Let’s make it together…
Here’s what you will need: Onions, celery, mushrooms, chicken stock, dry sherry, soy sauce, cornstarch, bean sprouts, water chestnuts, cooked chicken and fried chow mein noodles. Ingredients not shown: Peanut oil and garlic.
In a small pouring vessel, combine 2 Tablespoons soy sauce, 2 Tablespoons dry sherry, 1/4 cup chicken stock and 4 teaspoons cornstarch. Set aside.
In a large wok or skillet over medium-high heat, heat 2 Tablespoons peanut oil until the oil is very hot but not smoking. Add onions and celery and stir fry for about 5 minutes.
Add 2 cloves crushed garlic and 1-1/2 cups sliced white mushrooms; stir-fry for one minute. Add 1 cup of remaining chicken stock, cover the pot and simmer for four minutes, until vegetables are tender.
Uncover the pot and stir in 1 cup fresh bean sprouts and 1/2 cup sliced water chestnuts.
Add cornstarch mixture to the pot and stir it until the liquid in the pot has thickened.

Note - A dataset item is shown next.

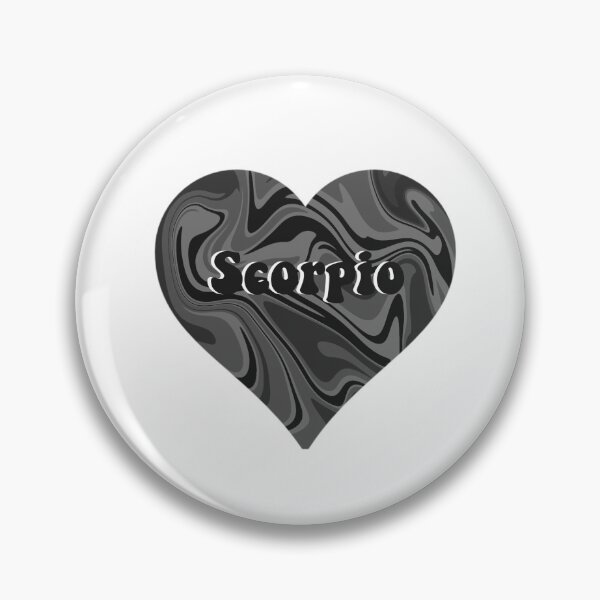 Item preview, scorpio sticker designed and sold by sabrina511.
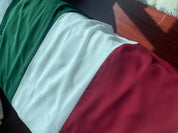 National Day UAE Emirati Abaya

Taste for seasoning. You may want to add salt or more soy sauce.
Serve immediately on a bed of fried Chinese chow mein noodles. Top with 2 cups of sliced, cooked chicken you have prepared any way you choose.
It’s soooooooooooo yummy! You must try it.
Even my kids love this and they can be VERY picky. It must be the crunchy noodles.
Chinese-American Chow Mein
Adapted from Jewish Home Cooking
2 Tablespoons peanut, canola or corn oil
2 medium-large onions, peeled, cut in half through the root end, and thinly sliced (about 3 cups)
5 ribs celery, thinly cut on a sharp diagonal (about 2 cups)
2 large cloves garlic, crushed
1-1/2 cups sliced white mushrooms
1-1/4 cups chicken stock (or broth), divided
2 Tablespoons dry sherry, dry madeira or in a pinch dry red wine
2 Tablespoons soy sauce
4 teaspoons cornstarch
1 cup fresh bean sprouts
1/2 cup sliced water chestnuts
2 cups white meat chicken, cooked any way you choose, sliced into strips
Fried Chinese chow mein noodles
In a small pouring vessel, combine soy sauce, dry sherry, 1/4 cup chicken stock and cornstarch. Set aside.
In a large wok or skillet over medium-high heat, heat oil until the oil is very hot but not smoking. Add onions and celery and stir fry for about 5 minutes.
Add garlic and mushrooms; stir-fry for one minute. Add 1 cup of remaining chicken stock, cover the pot and simmer for four minutes, until vegetables are tender. Uncover the pot and stir in bean sprouts and water chestnuts. Add cornstarch mixture to the pot and stir it until the liquid in the pot has thickened. Taste for seasoning. You may want to add salt or more soy sauce.
Serve immediately on a bed of fried Chinese chow mein noodles. Top with chicken you have prepared any way you choose.